[Items from a data source]
§ §

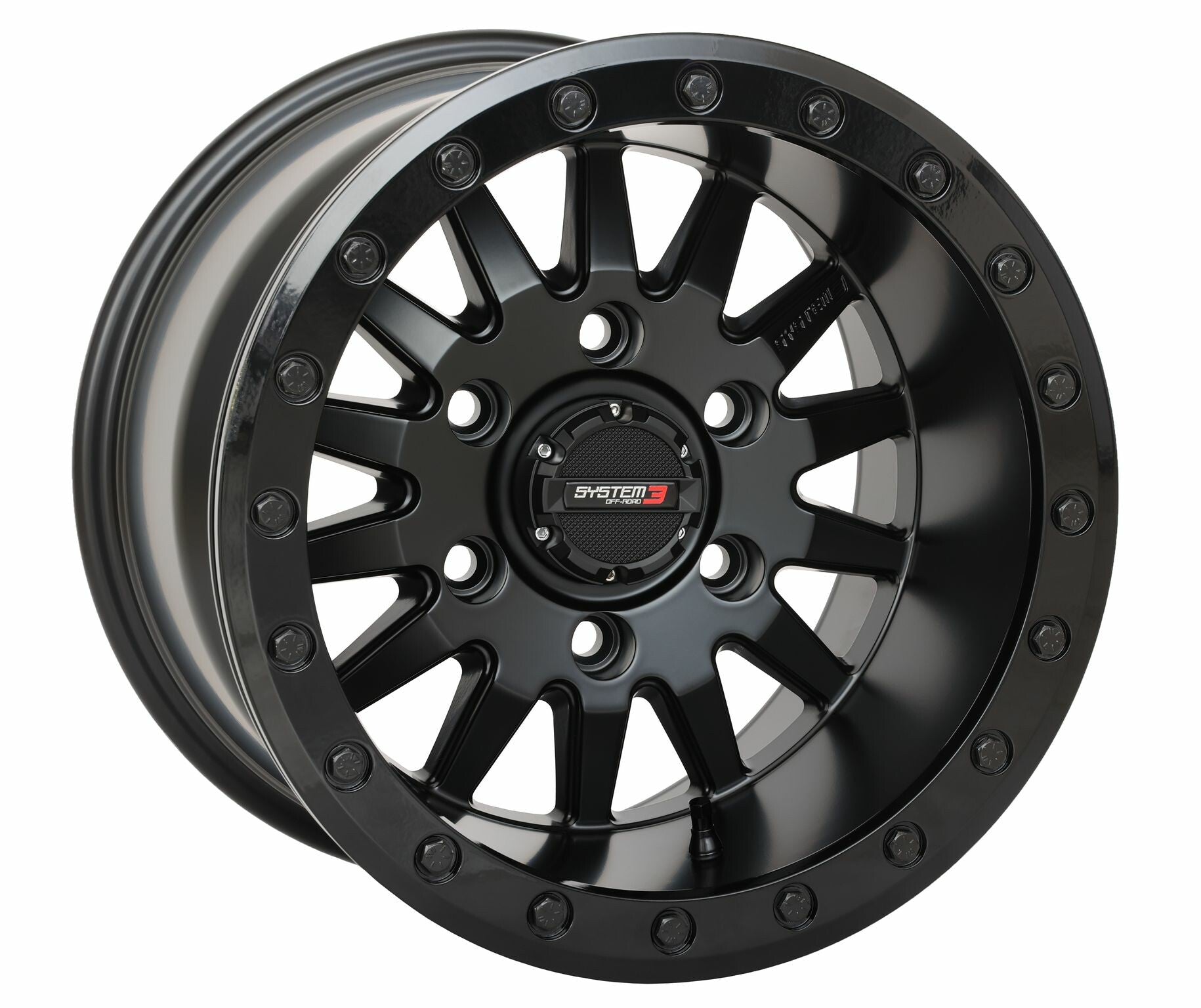 SB8 WHEEL - MATTE BLACK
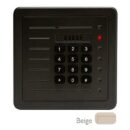 HID 5355ABK14 ProxPro 5355 125kHz Wall Switch Proximity Reader with Wiegand Output, Keypad and Terminal Strip, Beige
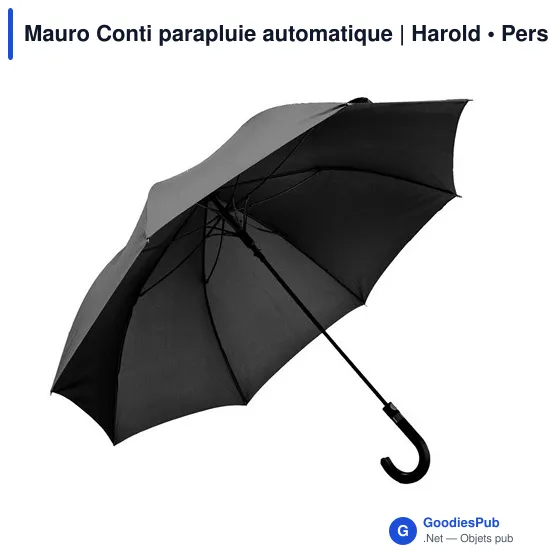 Parapluie automatique personnalisable Mauro Conti avec logo - Image 1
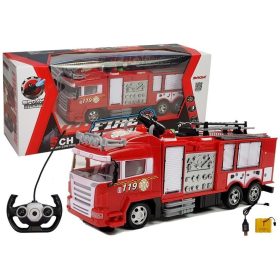 Tűzoltóautó Tűzoltóság Távirányítású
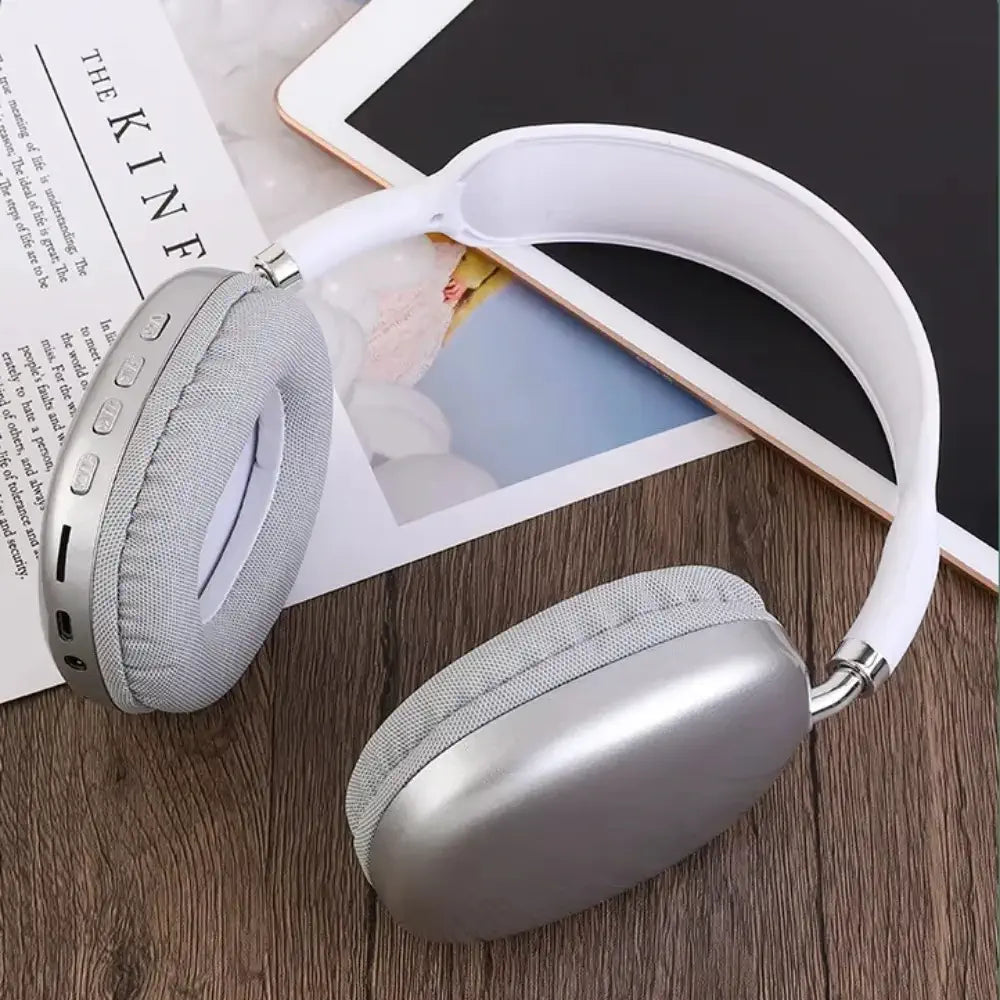 Headphone Bluetooth com Cancelamento de Ruído e Design Ergonômico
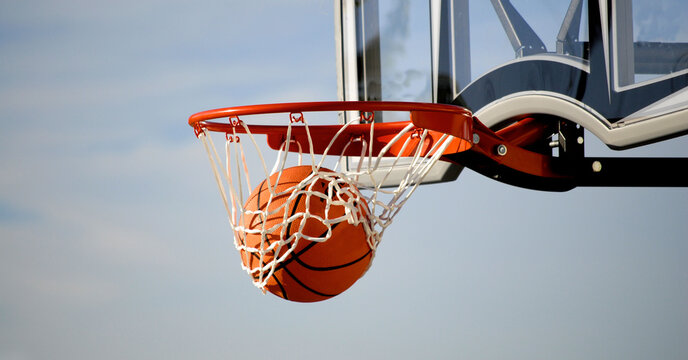 Basketball Shot Score Swish Winning Game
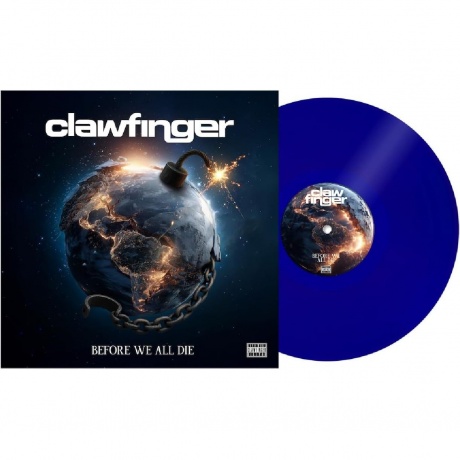 Clawfinger - Before We All Die (coloured) (4251981708591) - фото 2
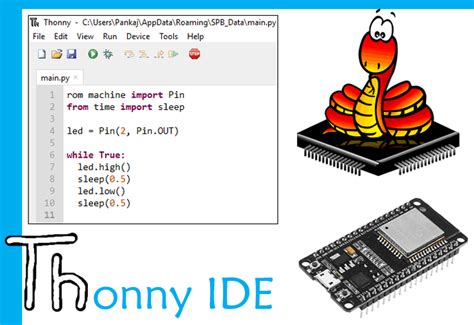 Thonny micropython esp32.  In this tutorial, we will learn how to use Thonny In...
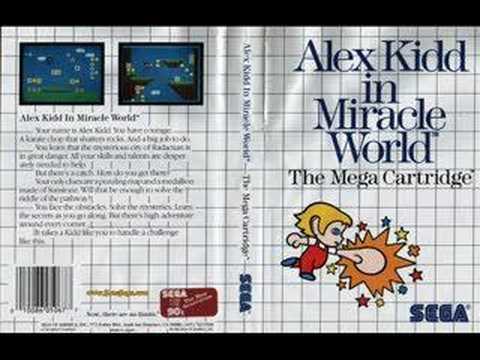 Alex Kidd in Miracle World, theme song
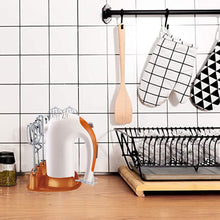 Load image into Gallery viewer, Hand Mixer Electric Kitchen Hand Mixers 5 Speed 300W 6 Stainless Steel Attachments Easy Eject Button with Storage Case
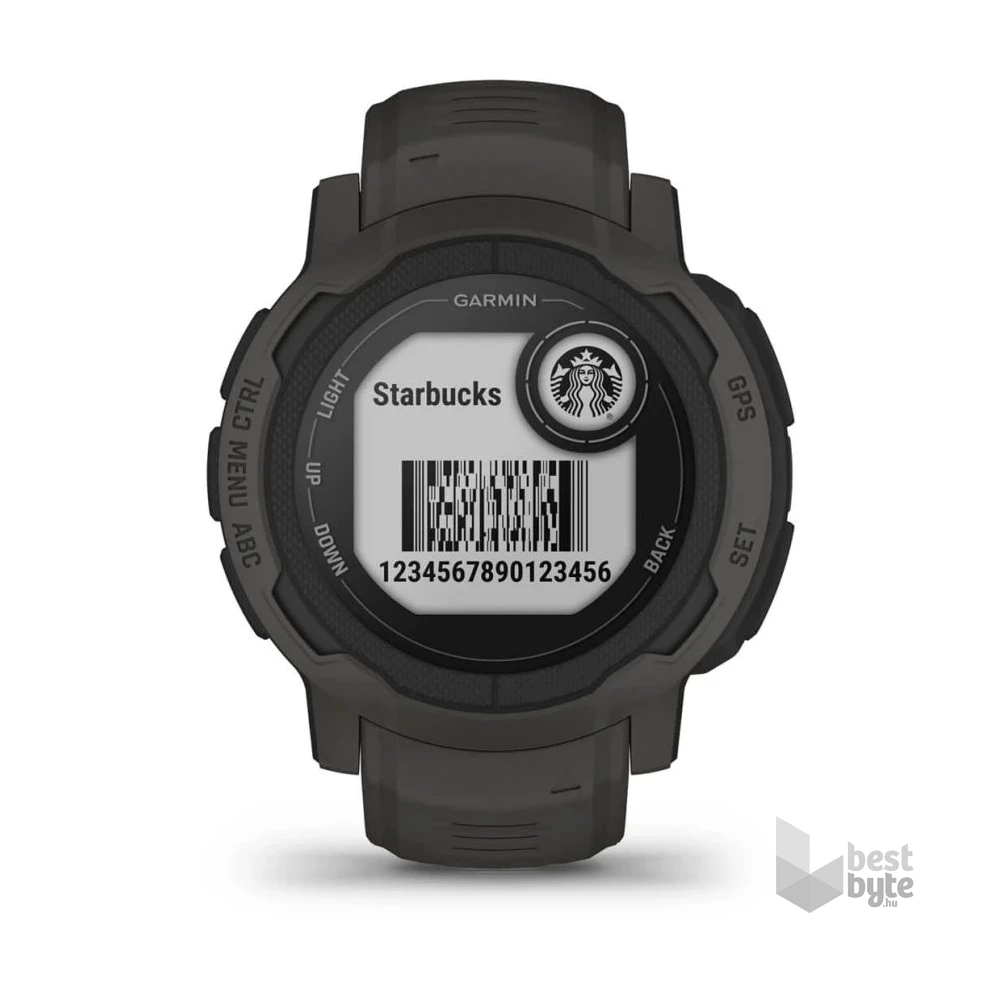 Garmin Instinct 2 grafit okosóra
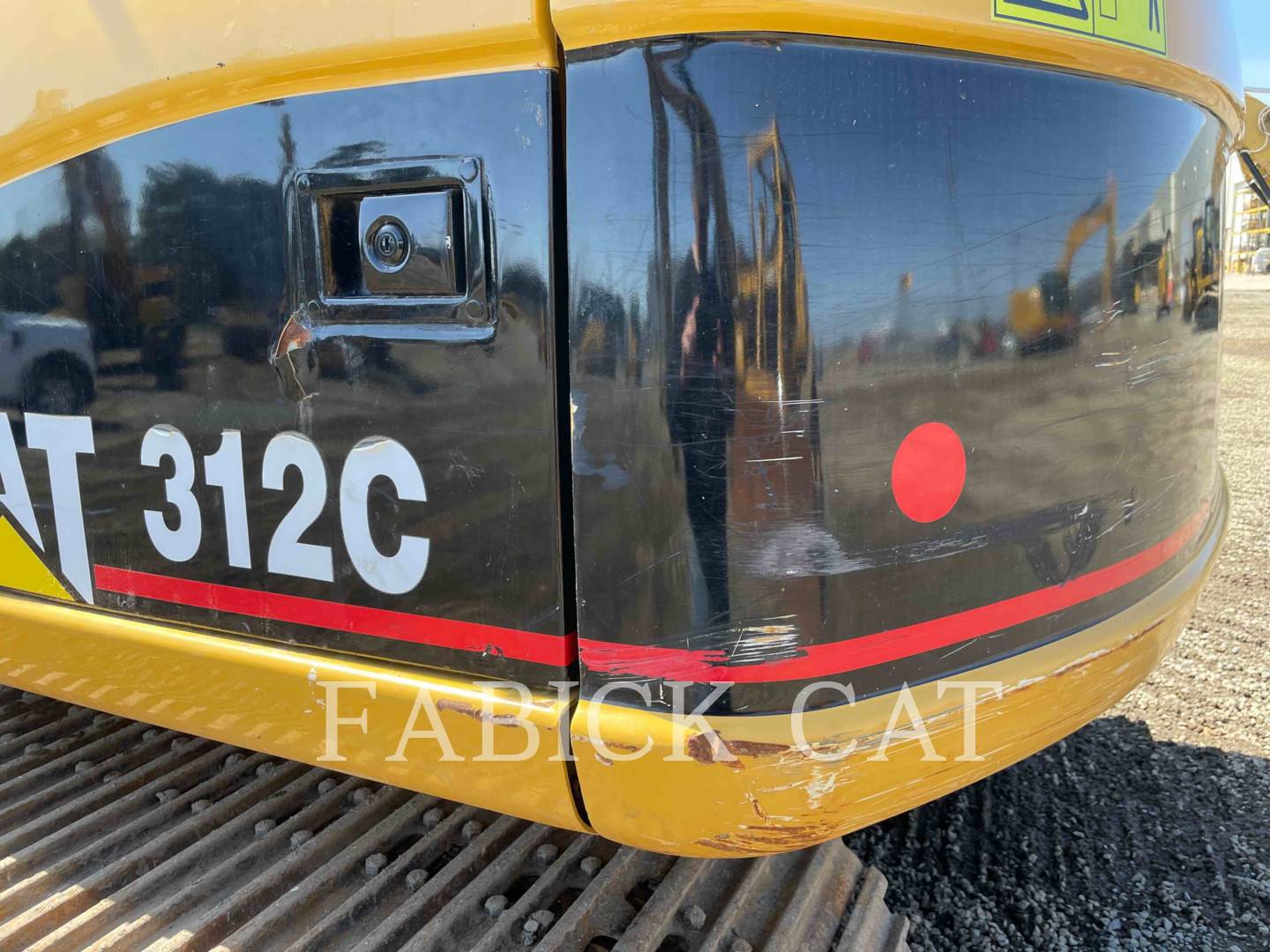 2007 Caterpillar 312C Excavator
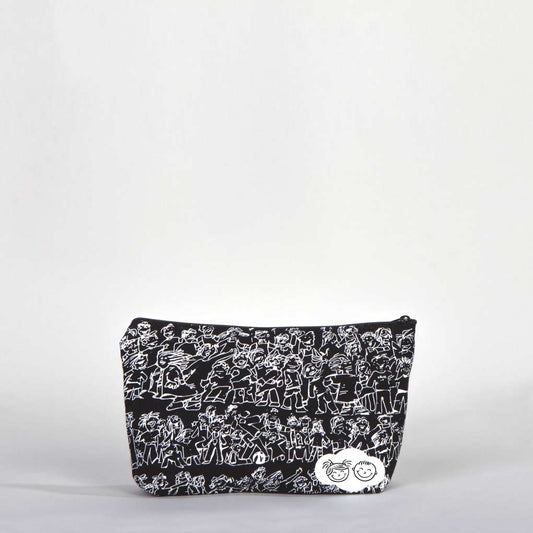 Siyah Kalemlik 19x10x4cm Baskılı - Okul - istecanta.com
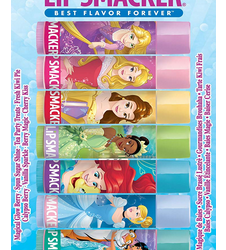 Lip Smacker Disney Princess (8 Count) Balm Party Pack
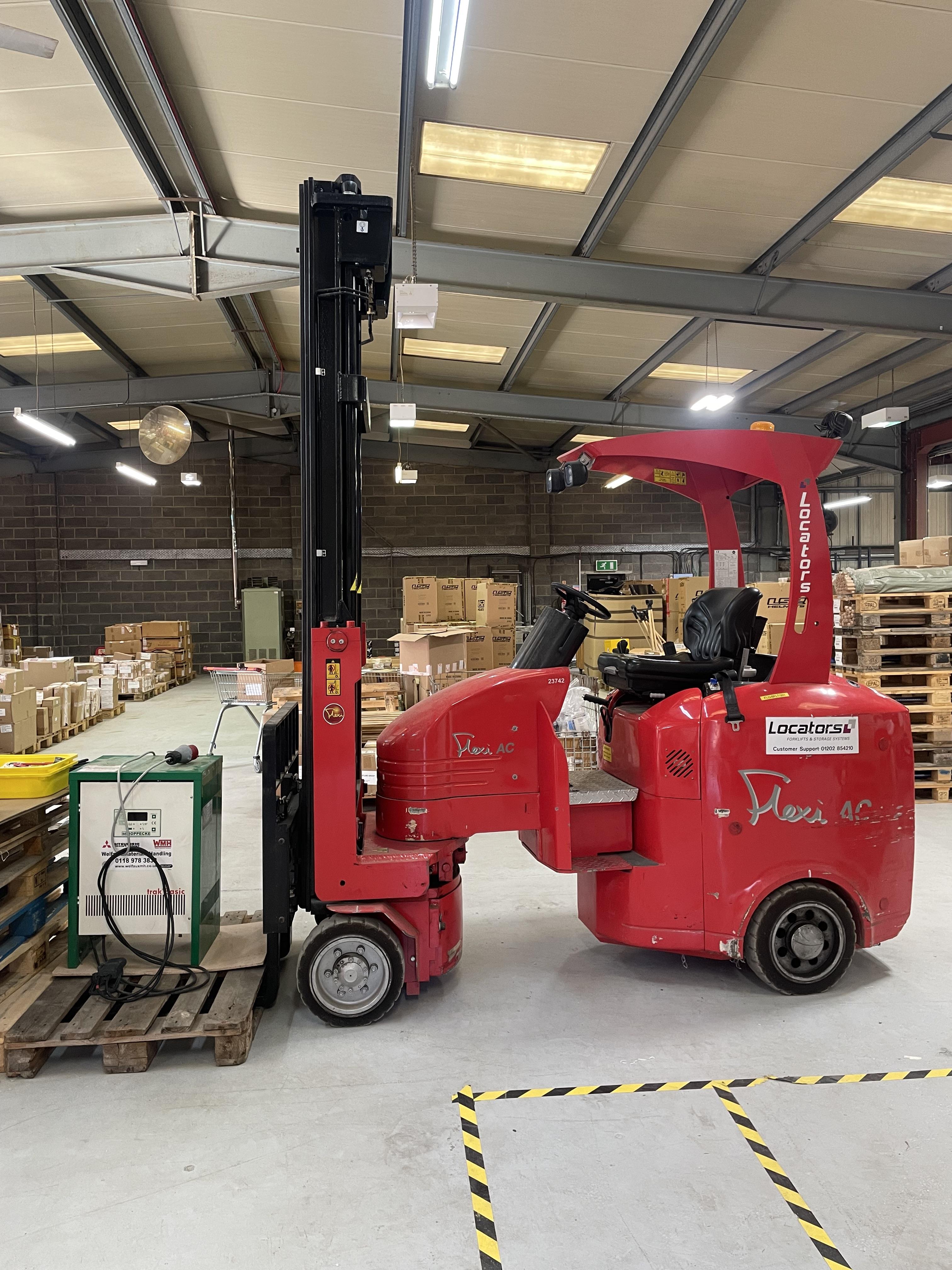 2017 Flexi AC 1000 Forklift Truck, Rated Capacity 1700kg, Lift Height 6600kg, ONLY 831 Hours - photo 1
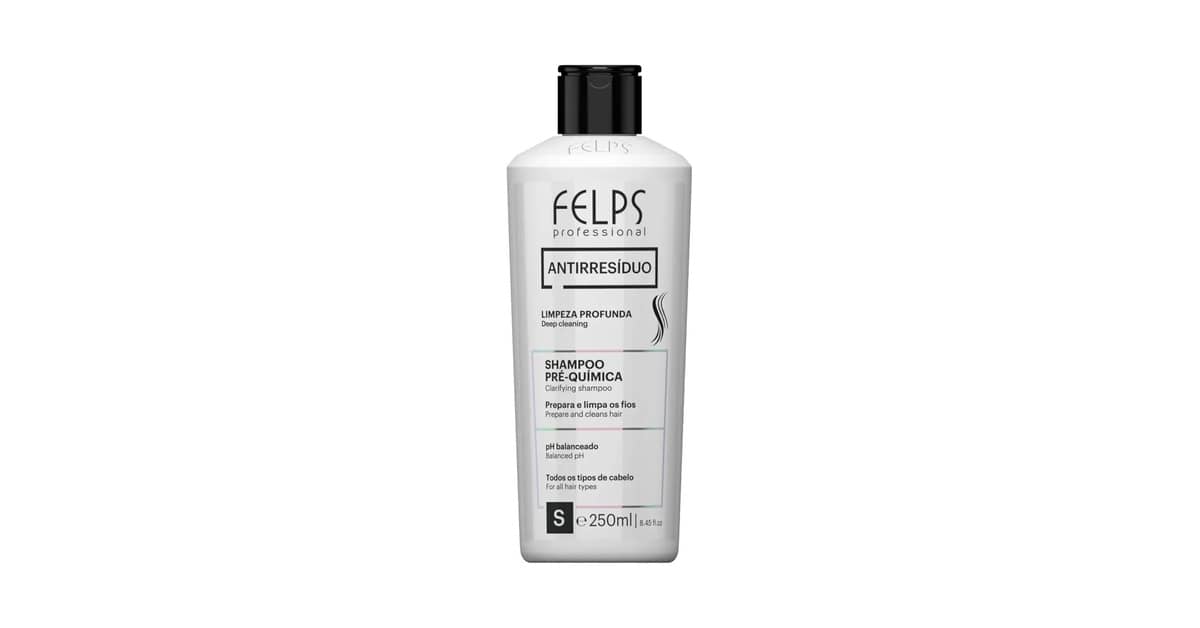 Melhor Shampoo Antiresiduo: Limpeza Profunda Para Cabelos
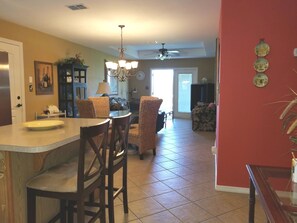 Interior - The Chill Shell Casita- 3 DD (Laguna Vista)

§ §

**Problem to solve**
From the first line to the last, return the records exactly and leave the pictures behind.

**Solution for this exercise**
 SB8 WHEEL - MATTE BLACK
 HID 5355ABK14 ProxPro 5355 125kHz Wall Switch Proximity Reader with Wiegand Output, Keypad and Terminal Strip, Beige
 Parapluie automatique personnalisable Mauro Conti avec logo - Image 1
 Tűzoltóautó Tűzoltóság Távirányítású
 Headphone Bluetooth com Cancelamento de Ruído e Design Ergonômico
 Basketball Shot Score Swish Winning Game
 Clawfinger - Before We All Die (coloured) (4251981708591) - фото 2
 Thonny micropython esp32.  In this tutorial, we will learn how to use Thonny In...
 Alex Kidd in Miracle World, theme song
 Load image into Gallery viewer, Hand Mixer Electric Kitchen Hand Mixers 5 Speed 300W 6 Stainless Steel Attachments Easy Eject Button with Storage Case
 Garmin Instinct 2 grafit okosóra
 2007 Caterpillar 312C Excavator
 Siyah Kalemlik 19x10x4cm Baskılı - Okul - istecanta.com
 Lip Smacker Disney Princess (8 Count) Balm Party Pack
 2017 Flexi AC 1000 Forklift Truck, Rated Capacity 1700kg, Lift Height 6600kg, ONLY 831 Hours - photo 1
 Melhor Shampoo Antiresiduo: Limpeza Profunda Para Cabelos
 Interior - The Chill Shell Casita- 3 DD (Laguna Vista)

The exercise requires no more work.